[Stored items from a collection]
- - - -

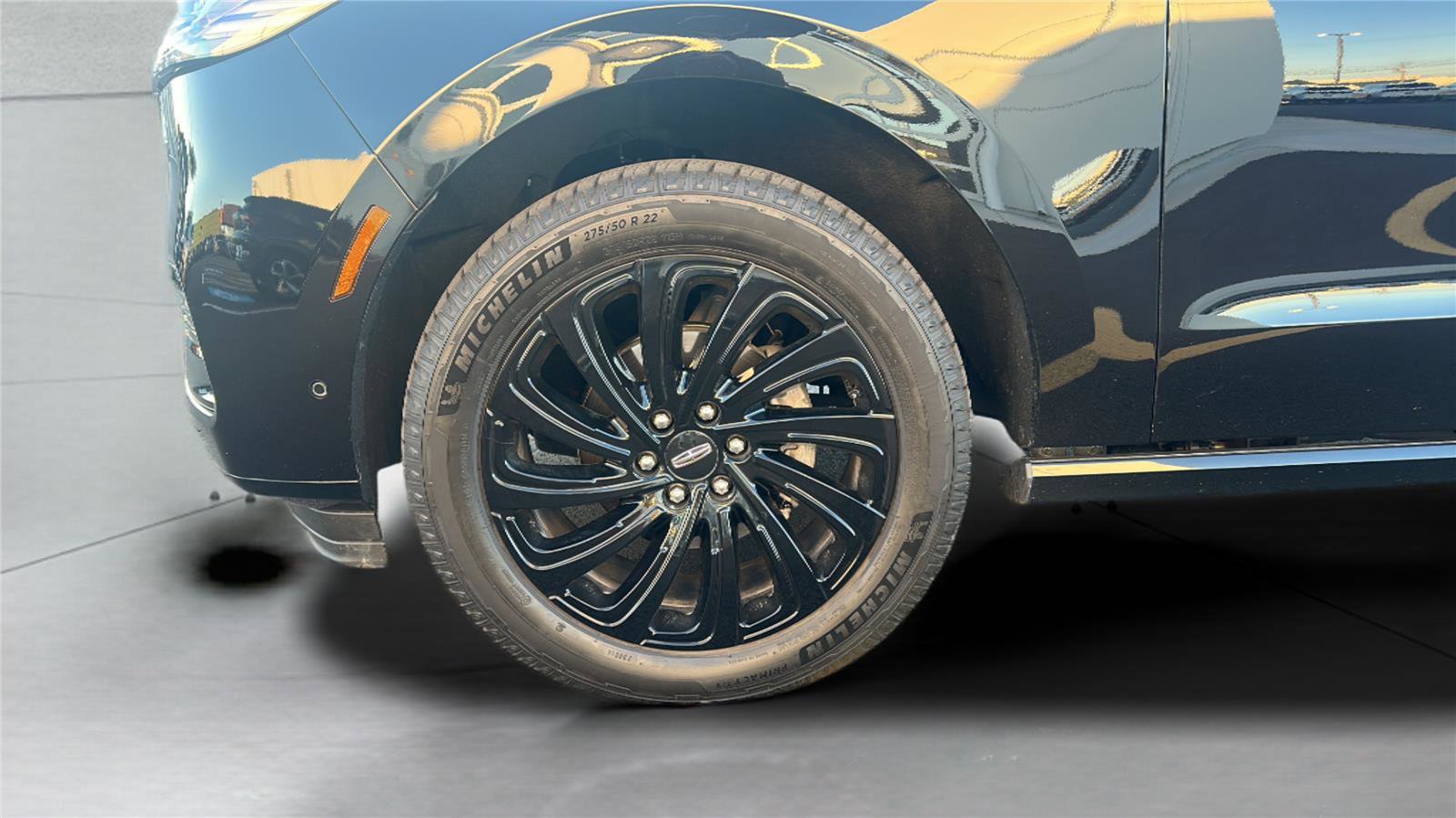 Used 2025 Lincoln Navigator Black Label image 9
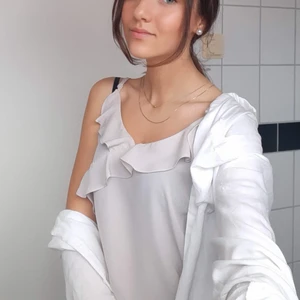 Beiget Linne  - Fint linne med volanger i fram💗 Linnet är i storlek 42, men då den är justerbar vid axlarna passar den även mig som är i storlek S. Alltså passar den både S & M💕
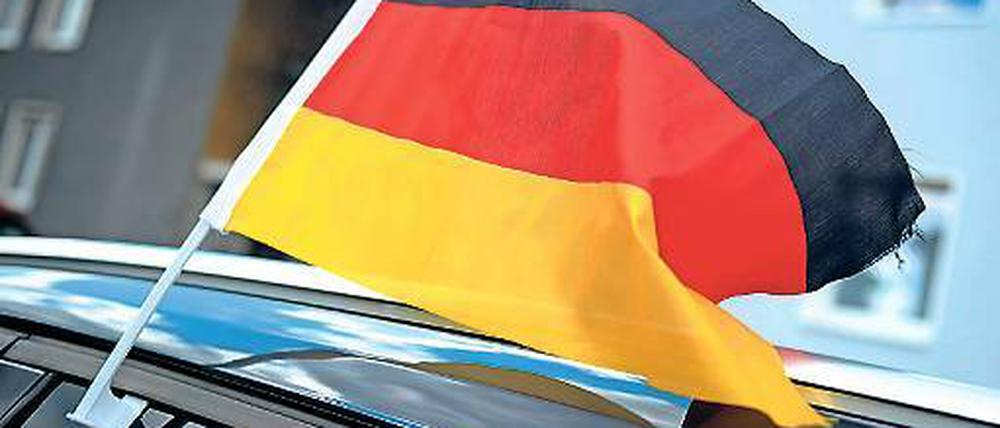 Für Schland. Fähnchen an den Autos sind in Potsdam noch die Ausnahme.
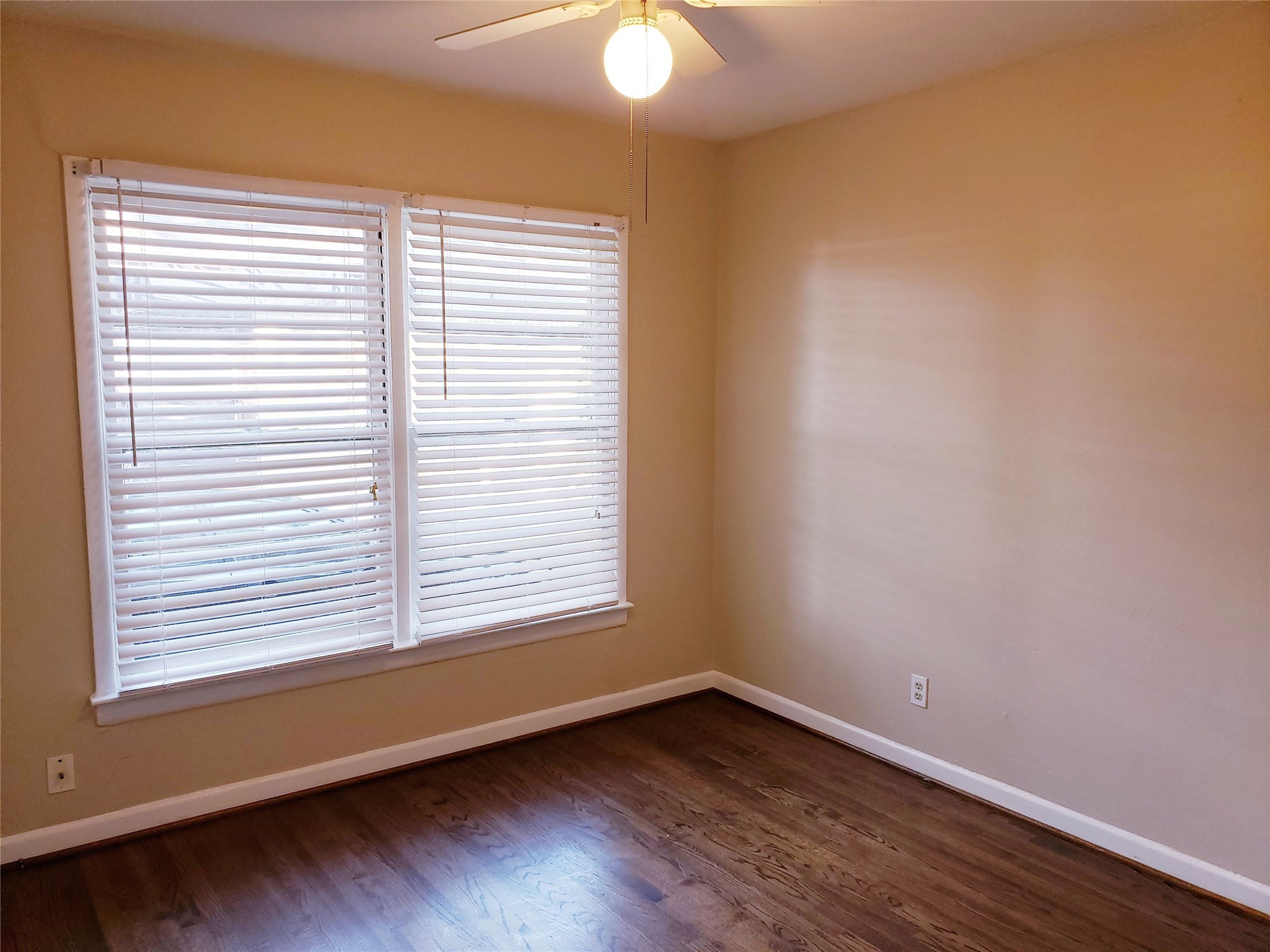 3309 San Marcus Avenue Dallas TX 75228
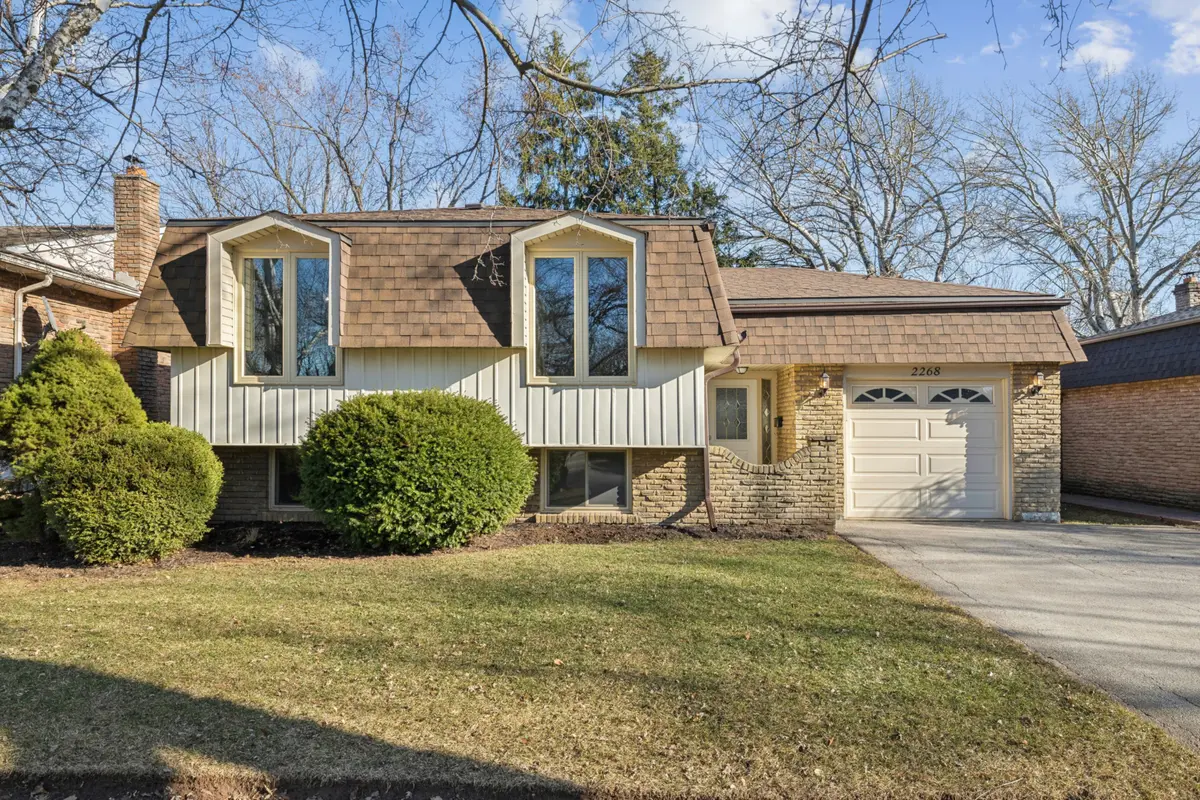 2268 Wyandotte DR, Oakville, ON L6L 2T5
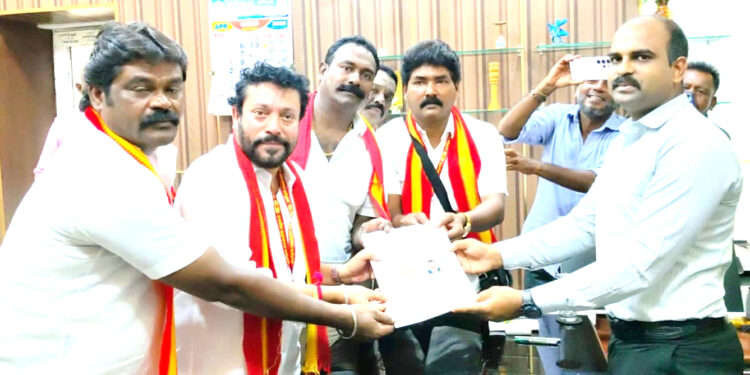 தூத்துக்குடி சட்டமன்ற தொகுதி த.வெ.க., வேட்பாளர் நடிகர் ஸ்ரீநாத் வேட்பு மனுத் தாக்கல்!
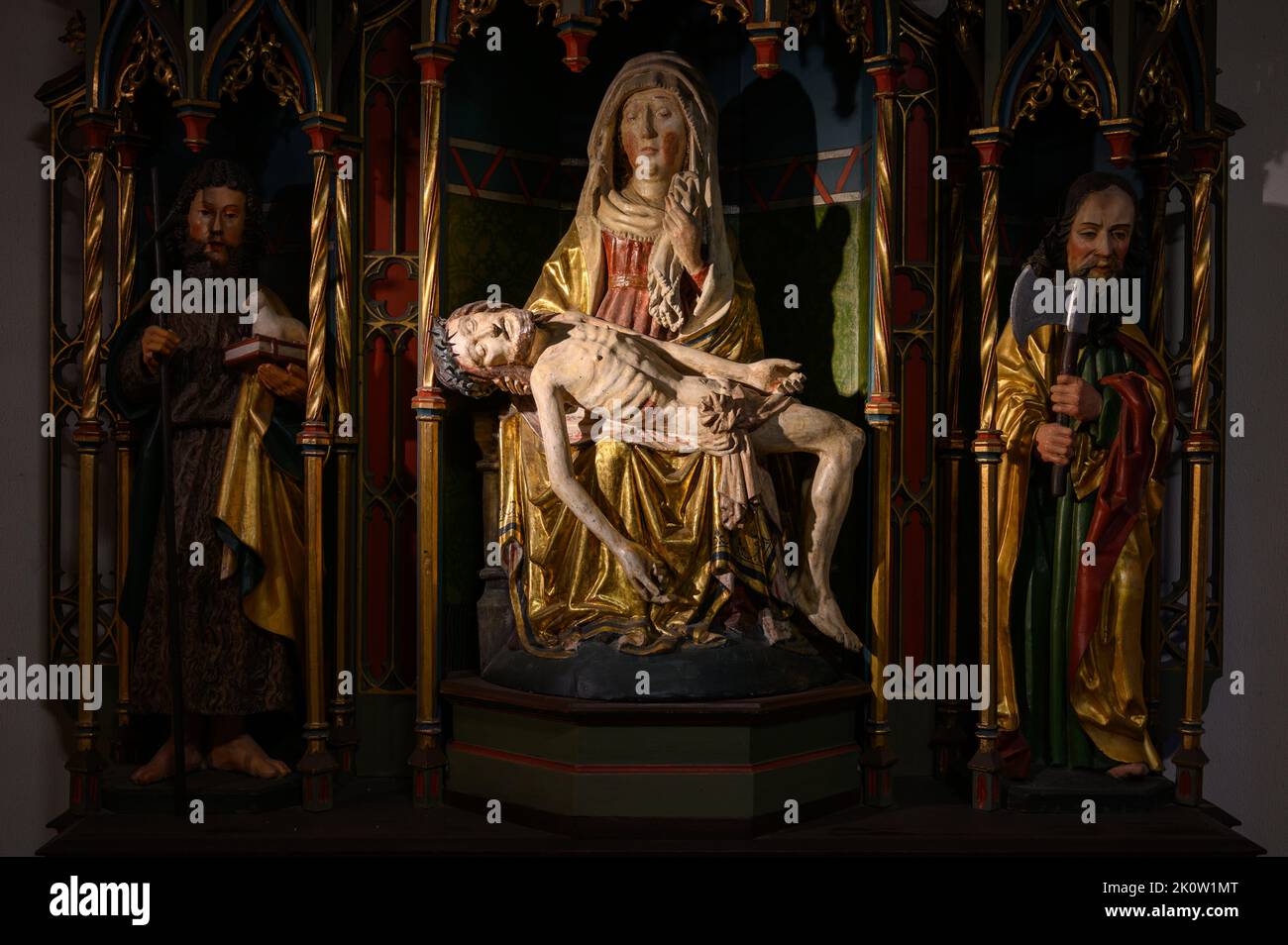 Die Pietà – die Jungfrau Maria, die den Leichnam Jesu umrabelt. Die Benediktinerabtei St. Maurice und St. Maurus von Clervaux. Clervaux, Luxemburg. Stockfoto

- - - -

WHAT NEEDS TO BE DONE –
Transcribe every entry word for word, but omit the pictures.

RESPONSE AREA –
 Used 2025 Lincoln Navigator Black Label image 9
 Beiget Linne  - Fint linne med volanger i fram💗 Linnet är i storlek 42, men då den är justerbar vid axlarna passar den även mig som är i storlek S. Alltså passar den både S & M💕
 Für Schland. Fähnchen an den Autos sind in Potsdam noch die Ausnahme.
 3309 San Marcus Avenue Dallas TX 75228
 2268 Wyandotte DR, Oakville, ON L6L 2T5
 தூத்துக்குடி சட்டமன்ற தொகுதி த.வெ.க., வேட்பாளர் நடிகர் ஸ்ரீநாத் வேட்பு மனுத் தாக்கல்!
 Die Pietà – die Jungfrau Maria, die den Leichnam Jesu umrabelt. Die Benediktinerabtei St. Maurice und St. Maurus von Clervaux. Clervaux, Luxemburg. Stockfoto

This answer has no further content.